What is the image we have of ourselves? Do we see ourselves as lovers, who are
open, transparent, and share intimately our emotions and feelings with family
and friends? Do we see ourselves as in need of others in order to give away all
of this love and intimacy we are experiencing in God? Or do we see ourselves as
independent, strong-willed, in need of no one. "I'll not let someone else
in or they will hurt me again." Do we let people touch us in the deepest
part, the tender and needy areas?
Are we sensitive to others' needs and seek to meet them? Or are we more
concerned with our own needs, successes, and ministry? Do we only allow family
and people to touch the surface, while the real person within us remains hidden
behind masks and pretenses? "Light reveals. Darkness hides. Whenever you do
anything or say anything to hide what you are or what you have done, that is
darkness."
I think that if I do not clearly see myself as a vessel of love and intimacy and
choose to walk in it, then I am walking in darkness and will be insecure. I can
only feel real security doing what I was created to do.
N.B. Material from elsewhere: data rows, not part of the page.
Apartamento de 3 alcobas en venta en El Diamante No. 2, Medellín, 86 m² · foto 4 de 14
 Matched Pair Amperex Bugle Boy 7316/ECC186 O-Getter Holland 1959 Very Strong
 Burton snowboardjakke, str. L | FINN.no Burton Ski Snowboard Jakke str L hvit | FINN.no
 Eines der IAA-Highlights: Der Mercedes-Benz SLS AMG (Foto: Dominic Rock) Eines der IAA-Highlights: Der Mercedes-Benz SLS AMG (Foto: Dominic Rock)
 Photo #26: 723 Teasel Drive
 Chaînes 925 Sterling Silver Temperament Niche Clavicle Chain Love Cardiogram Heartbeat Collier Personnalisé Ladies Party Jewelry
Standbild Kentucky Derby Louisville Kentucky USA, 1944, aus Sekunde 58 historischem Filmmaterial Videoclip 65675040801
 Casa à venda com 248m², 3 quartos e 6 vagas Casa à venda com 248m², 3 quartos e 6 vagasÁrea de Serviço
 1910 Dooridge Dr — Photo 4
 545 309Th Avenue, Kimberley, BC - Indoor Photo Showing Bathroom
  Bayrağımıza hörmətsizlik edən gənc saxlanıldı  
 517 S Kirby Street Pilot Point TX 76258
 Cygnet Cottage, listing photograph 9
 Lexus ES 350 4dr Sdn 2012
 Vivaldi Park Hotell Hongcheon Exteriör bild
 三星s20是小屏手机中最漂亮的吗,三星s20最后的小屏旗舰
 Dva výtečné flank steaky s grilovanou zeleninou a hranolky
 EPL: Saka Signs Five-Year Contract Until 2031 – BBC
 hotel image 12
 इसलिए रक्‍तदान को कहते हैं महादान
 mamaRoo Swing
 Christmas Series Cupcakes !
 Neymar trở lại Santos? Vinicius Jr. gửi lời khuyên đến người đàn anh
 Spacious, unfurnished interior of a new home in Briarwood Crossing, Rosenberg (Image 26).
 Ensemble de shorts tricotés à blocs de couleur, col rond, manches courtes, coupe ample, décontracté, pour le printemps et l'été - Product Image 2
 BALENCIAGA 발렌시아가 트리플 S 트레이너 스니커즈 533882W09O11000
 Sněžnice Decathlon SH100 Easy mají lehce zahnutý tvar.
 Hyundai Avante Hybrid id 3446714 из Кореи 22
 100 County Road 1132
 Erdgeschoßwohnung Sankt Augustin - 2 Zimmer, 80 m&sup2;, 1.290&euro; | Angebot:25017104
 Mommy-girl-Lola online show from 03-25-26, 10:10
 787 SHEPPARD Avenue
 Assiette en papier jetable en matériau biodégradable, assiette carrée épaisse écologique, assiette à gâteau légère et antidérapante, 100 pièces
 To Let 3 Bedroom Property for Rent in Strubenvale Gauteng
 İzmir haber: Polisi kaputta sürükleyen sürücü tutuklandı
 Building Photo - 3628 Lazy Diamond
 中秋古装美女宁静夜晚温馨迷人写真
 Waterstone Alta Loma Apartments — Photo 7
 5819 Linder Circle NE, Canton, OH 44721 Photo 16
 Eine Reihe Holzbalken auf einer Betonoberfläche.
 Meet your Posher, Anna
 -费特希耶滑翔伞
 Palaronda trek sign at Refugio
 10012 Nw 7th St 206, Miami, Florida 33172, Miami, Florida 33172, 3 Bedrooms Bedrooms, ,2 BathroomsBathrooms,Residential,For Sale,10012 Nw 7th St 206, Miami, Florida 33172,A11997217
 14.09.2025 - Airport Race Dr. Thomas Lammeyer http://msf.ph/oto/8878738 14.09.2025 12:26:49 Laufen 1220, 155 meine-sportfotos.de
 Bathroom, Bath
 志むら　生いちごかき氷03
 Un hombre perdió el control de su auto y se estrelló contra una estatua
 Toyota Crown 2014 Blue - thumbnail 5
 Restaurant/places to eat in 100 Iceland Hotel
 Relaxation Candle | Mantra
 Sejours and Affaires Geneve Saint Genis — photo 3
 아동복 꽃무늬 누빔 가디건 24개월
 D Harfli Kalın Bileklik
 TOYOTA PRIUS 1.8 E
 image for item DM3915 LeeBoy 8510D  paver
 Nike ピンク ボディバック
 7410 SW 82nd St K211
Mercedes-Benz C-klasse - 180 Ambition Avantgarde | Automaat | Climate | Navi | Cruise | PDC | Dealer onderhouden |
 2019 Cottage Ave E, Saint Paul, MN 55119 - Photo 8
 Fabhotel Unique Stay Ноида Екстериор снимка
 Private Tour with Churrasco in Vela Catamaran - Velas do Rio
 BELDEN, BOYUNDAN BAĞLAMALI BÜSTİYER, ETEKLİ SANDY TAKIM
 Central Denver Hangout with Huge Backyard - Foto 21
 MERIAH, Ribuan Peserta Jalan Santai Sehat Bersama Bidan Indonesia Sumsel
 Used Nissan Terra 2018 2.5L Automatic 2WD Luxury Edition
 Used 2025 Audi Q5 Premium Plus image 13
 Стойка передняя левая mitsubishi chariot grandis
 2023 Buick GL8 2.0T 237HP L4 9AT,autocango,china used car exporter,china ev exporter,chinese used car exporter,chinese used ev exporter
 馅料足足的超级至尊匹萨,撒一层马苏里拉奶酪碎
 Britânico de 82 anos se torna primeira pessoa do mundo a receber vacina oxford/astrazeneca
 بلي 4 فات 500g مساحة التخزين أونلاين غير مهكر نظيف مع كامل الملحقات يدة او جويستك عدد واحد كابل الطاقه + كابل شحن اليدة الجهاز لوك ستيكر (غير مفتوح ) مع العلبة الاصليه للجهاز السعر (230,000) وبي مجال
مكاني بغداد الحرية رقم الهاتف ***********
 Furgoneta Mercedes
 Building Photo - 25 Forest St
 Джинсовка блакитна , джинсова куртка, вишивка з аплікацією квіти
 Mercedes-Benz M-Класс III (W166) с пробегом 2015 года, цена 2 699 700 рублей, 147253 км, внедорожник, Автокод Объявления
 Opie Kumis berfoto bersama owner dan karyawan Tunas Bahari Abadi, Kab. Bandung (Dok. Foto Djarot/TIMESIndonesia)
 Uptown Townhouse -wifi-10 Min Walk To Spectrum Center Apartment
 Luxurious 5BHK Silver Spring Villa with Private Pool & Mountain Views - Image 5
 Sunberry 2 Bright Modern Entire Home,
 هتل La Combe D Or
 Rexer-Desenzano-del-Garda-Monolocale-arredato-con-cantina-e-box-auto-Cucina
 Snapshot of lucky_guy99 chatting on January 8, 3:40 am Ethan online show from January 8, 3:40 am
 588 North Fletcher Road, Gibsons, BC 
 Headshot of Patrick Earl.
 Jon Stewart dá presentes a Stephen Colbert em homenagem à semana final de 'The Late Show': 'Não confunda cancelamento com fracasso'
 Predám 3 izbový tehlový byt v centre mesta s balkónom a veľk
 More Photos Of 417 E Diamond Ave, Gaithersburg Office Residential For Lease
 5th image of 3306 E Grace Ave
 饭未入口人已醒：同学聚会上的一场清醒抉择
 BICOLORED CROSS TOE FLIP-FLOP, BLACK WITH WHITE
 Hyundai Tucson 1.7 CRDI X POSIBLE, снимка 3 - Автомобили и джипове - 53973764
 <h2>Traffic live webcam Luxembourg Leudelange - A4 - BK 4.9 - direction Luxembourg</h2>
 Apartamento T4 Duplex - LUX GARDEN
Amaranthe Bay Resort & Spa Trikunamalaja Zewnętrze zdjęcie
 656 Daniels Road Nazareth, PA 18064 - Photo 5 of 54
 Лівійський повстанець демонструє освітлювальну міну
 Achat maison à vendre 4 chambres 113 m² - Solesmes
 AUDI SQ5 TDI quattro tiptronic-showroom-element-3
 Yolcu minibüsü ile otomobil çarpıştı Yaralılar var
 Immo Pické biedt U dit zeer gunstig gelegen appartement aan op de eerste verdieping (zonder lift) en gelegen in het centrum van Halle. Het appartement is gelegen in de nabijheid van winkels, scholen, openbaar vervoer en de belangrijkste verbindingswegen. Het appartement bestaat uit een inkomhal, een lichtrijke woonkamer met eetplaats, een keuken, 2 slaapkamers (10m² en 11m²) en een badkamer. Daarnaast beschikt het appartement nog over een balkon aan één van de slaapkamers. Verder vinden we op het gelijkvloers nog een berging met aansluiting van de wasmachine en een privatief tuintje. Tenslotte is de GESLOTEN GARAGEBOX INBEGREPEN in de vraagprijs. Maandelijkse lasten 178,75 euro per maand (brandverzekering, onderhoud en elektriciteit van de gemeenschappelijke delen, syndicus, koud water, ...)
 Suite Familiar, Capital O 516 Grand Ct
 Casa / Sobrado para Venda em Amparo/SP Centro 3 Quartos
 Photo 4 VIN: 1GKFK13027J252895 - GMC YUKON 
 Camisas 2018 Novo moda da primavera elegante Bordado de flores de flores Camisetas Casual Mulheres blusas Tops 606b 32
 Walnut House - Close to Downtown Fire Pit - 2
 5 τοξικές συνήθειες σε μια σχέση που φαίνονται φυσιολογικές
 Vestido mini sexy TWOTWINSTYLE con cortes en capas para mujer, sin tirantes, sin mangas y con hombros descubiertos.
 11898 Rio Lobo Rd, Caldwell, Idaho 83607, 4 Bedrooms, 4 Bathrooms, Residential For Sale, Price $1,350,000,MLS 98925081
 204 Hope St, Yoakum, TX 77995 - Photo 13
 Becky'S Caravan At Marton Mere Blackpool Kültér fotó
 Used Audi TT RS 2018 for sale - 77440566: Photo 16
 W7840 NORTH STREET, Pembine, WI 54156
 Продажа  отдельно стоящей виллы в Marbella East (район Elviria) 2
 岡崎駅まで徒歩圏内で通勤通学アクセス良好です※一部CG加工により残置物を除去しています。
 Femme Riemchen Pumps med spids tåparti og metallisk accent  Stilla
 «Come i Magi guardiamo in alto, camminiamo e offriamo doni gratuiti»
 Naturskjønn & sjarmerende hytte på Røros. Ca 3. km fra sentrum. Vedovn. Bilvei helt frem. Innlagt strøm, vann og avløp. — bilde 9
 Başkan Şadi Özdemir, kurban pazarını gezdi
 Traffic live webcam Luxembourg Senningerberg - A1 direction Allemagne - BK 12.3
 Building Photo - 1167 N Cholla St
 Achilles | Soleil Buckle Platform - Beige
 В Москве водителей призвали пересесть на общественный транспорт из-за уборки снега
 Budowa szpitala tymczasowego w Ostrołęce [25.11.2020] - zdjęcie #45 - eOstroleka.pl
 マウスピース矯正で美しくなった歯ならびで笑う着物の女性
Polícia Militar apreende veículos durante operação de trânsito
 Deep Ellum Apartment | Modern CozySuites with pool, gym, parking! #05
Before I realized the
need I had for intimacy I was very insecure. I covered it well with an
appea-rance of self-confidence. I found a certain security in my work or in
ministry. This is called counterfeit affection. Because my love need was not
being met through intimacy with God and my wife, I had to compete with others
for attention. I had a deep need for approval and felt devastated if I was not
receiving it. I had to make a good impression on people. I had to appear
successful in life and ministry. Fear of rejection, failure, and man became a
constant companion. Outwardly, I appeared calm and all together but inwardly I
was full of unrest, striving for acceptance and trying to find value through
people. This left me feeling like a spiritual orphan, one who has no sense of
comfort or security or rest.
For change to come, I had to first become like the prodigal. In the pig-pen, he
became aware of his need for intimate relationship with the Father. He only came
to that point after he spent much of his life seeking love in all the wrong
places. Pursuing security and identity in ministry and success had left me empty
even though success had come my way. Recently, I began to realize my deep need
for intimacy with my wife but I felt too inadequate to give it. I had to pursue
it in the Father first. Even though I had spent years praying and in the Word
two and three hours a day, I realized I really never knew Him because I was
afraid to submit to love. Thus my passion had been for the recognition that my
secular work or ministry brought, not for deep, life-transforming intimacy and
love.
Secondly, we must realize that our sense of value and self-worth is based upon
our ability to love. The way we think about ourselves is how we think God thinks
about us. If we are uncomfortable with ourselves we are uncomfortable with
others. Therefore, we must find our self-worth in that for which God has created
us - intimacy and love!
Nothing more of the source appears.